- Gold is 0.55% higher this week after a very mixed August.
- Leading into next week there is a chart pattern to look out for.
Gold fundamental backdrop - Wait and see mode
Over the last week, we have seen the US government has still not put together a fiscal stimulus pattern. This was slightly overshadowed by the recent Brexit shenanigans but this has not had a massive impact on the gold price. The dollar is still pretty much in a sideways trend but there was some strength in the EUR after the ECB meeting this week. Not enough to break the consolidation high as the 1.20 area still looks firm for now. Next week's FOMC meeting is now a huge event, analysts have been debating if the Fed are more likely to signal more support for the economy now it seems the US government is in deadlock over fiscal stimulus talks. Now there has been a change to the inflation target there could be more of an operational explanation to how this system will now work through forward guidance. The other key consideration is what rate of unemployment is acceptable before raising interest rates again and what does the Fed consider to be full employment. Ultimately it will be interesting to see how much the Fed can do before the November election as it would be hard to gauge the market reaction.
Gold 4-hour chart - Trendlines and trendlines
The 4-hour chart gives us the best idea about what to expect and look out for next week. The key feature on the chart is the black downward sloping trendline. If the price breaks the level it could increase the likelihood that the recent all-time high could be tested. Beyond this, the blue resistance line at USD 1992.42 per troy ounce is also important. If it breaks then it would create a new wave high which has not been done since the beginning of August. It seems the price has bounced off the aforementioned trendline today (Friday) and this could have bearish implications. On the downside, the next resistance lies at the red line (USD 1914 per troy ounce). If there is a break of the red horizontal line then the bulls could be in trouble and the consolidation low of USD 1863.24 per ounce could be under threat. As this is a long term uptrend the levels on the upside are in focus and the first point of call would be the trendline break.
The week ahead - FOMC meeting is the main event
There are lots of events to look forward to next week and the aforementioned FOMC meeting is the highlight. The Bank of England rate decision is also important but the implications on gold could be limited.

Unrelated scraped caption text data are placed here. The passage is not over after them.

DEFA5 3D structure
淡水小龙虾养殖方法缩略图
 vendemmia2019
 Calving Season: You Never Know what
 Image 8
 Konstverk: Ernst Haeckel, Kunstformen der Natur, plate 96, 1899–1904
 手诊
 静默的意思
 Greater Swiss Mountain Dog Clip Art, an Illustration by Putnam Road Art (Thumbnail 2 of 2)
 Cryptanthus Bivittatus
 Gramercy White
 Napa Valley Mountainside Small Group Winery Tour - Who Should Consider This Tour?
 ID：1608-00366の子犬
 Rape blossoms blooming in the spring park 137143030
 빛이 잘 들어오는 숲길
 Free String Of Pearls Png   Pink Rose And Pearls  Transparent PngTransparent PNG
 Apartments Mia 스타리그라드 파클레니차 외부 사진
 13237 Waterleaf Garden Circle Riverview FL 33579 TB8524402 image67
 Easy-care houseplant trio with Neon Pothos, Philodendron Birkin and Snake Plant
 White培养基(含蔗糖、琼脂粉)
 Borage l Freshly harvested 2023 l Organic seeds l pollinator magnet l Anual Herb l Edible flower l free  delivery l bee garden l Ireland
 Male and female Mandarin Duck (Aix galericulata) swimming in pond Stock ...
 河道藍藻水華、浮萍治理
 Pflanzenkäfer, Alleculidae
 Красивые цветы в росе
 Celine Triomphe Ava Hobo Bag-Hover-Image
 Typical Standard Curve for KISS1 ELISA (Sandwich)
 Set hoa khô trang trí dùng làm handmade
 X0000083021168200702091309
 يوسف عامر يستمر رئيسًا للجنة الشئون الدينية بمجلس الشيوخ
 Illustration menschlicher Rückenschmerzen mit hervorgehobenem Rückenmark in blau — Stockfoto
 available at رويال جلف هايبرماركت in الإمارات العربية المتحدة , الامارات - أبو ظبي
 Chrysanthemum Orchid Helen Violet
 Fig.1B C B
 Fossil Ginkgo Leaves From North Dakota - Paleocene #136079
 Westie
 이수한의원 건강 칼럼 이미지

In the early part of the week, Chinese retail sales are expected to come in a -1.4% but and this could be interesting as if there is a beat here it could mean there is more disposable income than analyst had been expecting and longer-term could be bullish for gold. Then the day after it is the US turn but the US retail market is not as mad for gold as the Chinese.
The latest FXStreet poll indicates traders feel like the longer-term outlook is bullish and the price could break back above USD 2k per ounce level once again. In the medium term, the pollsters feel the price will continue to move sideways. This is pretty much consistent with the theme in the market. The price is in a firm uptrend on the higher timeframes but at the moment the commodity is in a consolidation period.